Image-text web data:

□ □ □ □ □

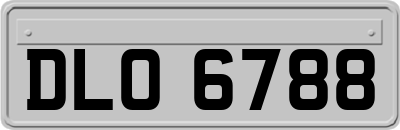 DLO6788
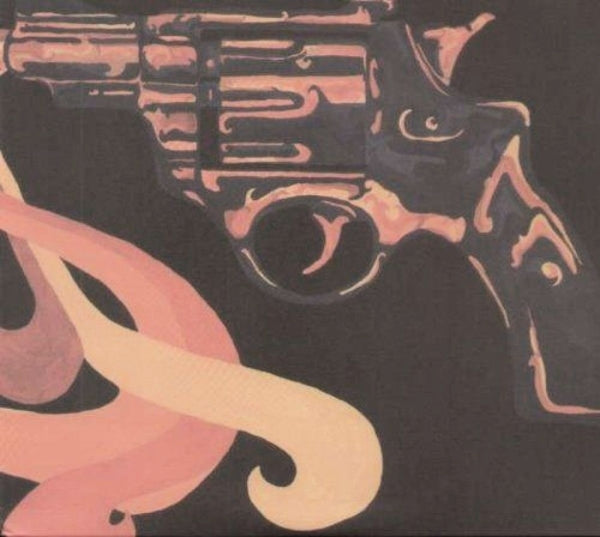  |  Vinyl LP | Black Keys - Chulahoma (LP) | Records on Vinyl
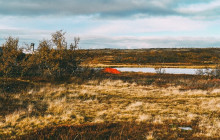 Lind Fjälläventyr AB11
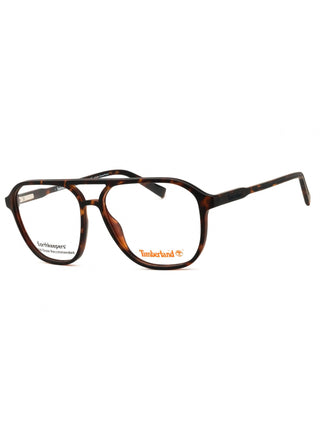 Timberland TB50067 Eyeglasses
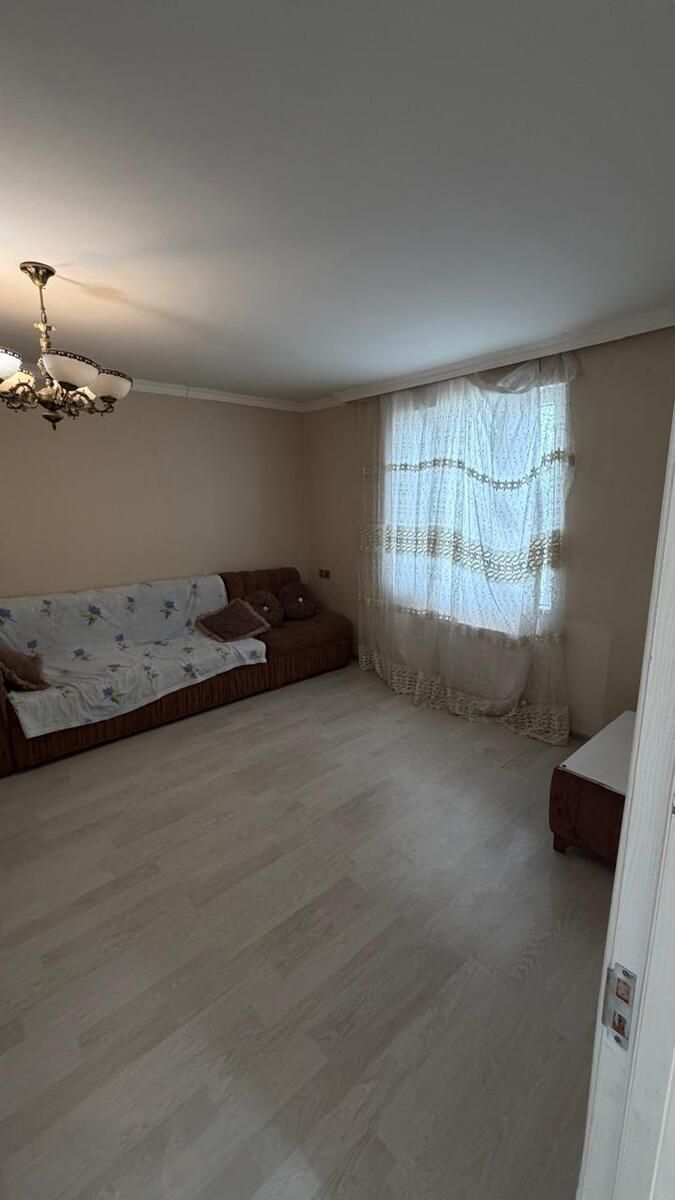 İcarəyə verilir 3 otaqlı həyət evi/bağ evi 100 m² — Ev, villa, Bakı (12)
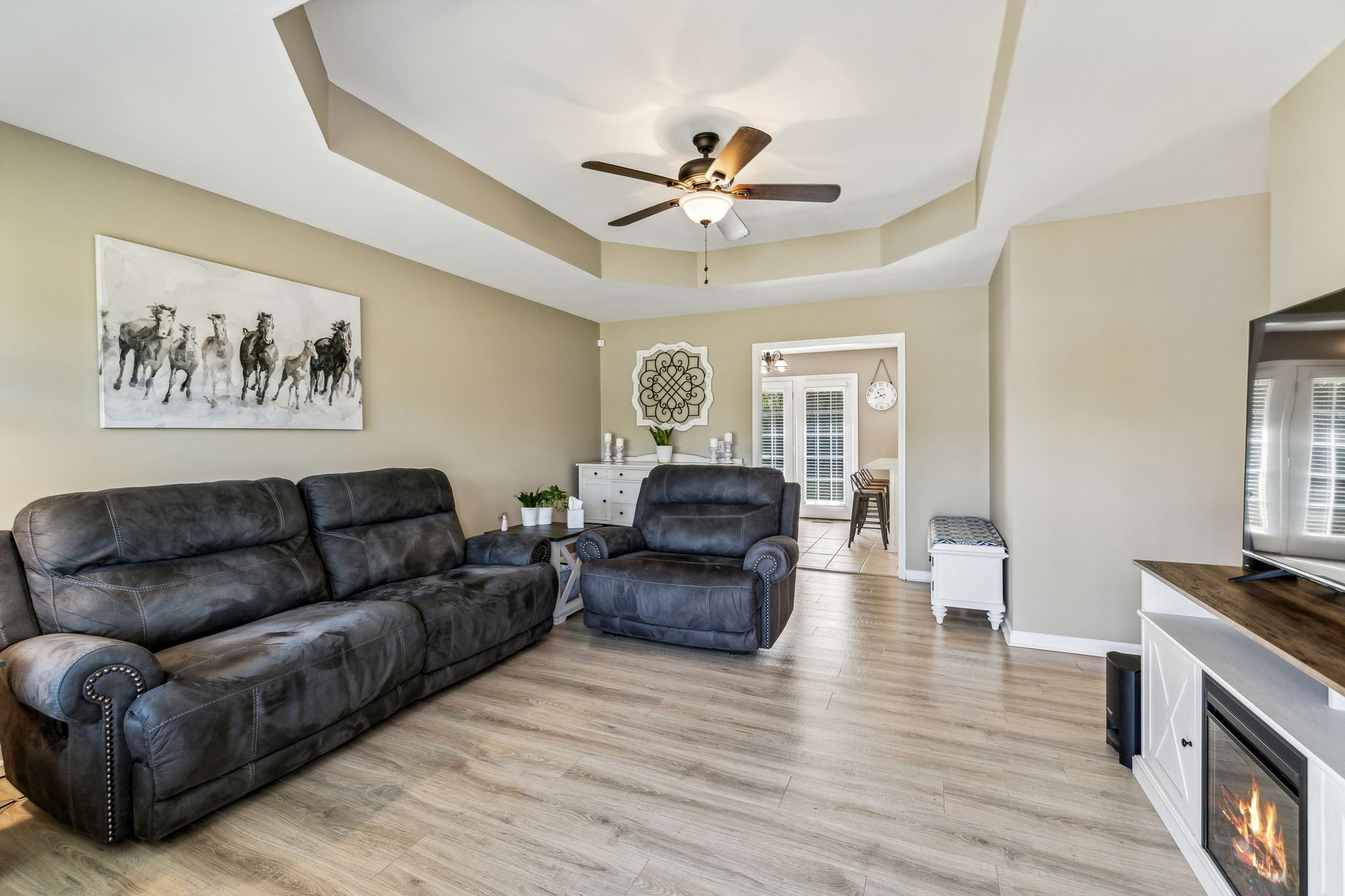 113 Johnny Ruth Court Murfreesboro, TN 37127 - Photo 8 of 39 Gallery Image 8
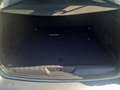 Peugeot 308 BlueHDi 130 EAT6 S&S SW Allure Grigio - thumbnail 14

□ □ □ □ □

— Required action —
For the entries above, the output must hold exactly the lines from the one with "Records on Vinyl" through the last line, both included, and no pictures.

— Reply —
  |  Vinyl LP | Black Keys - Chulahoma (LP) | Records on Vinyl
 Lind Fjälläventyr AB11
 Timberland TB50067 Eyeglasses
 İcarəyə verilir 3 otaqlı həyət evi/bağ evi 100 m² — Ev, villa, Bakı (12)
 113 Johnny Ruth Court Murfreesboro, TN 37127 - Photo 8 of 39 Gallery Image 8
 Peugeot 308 BlueHDi 130 EAT6 S&S SW Allure Grigio - thumbnail 14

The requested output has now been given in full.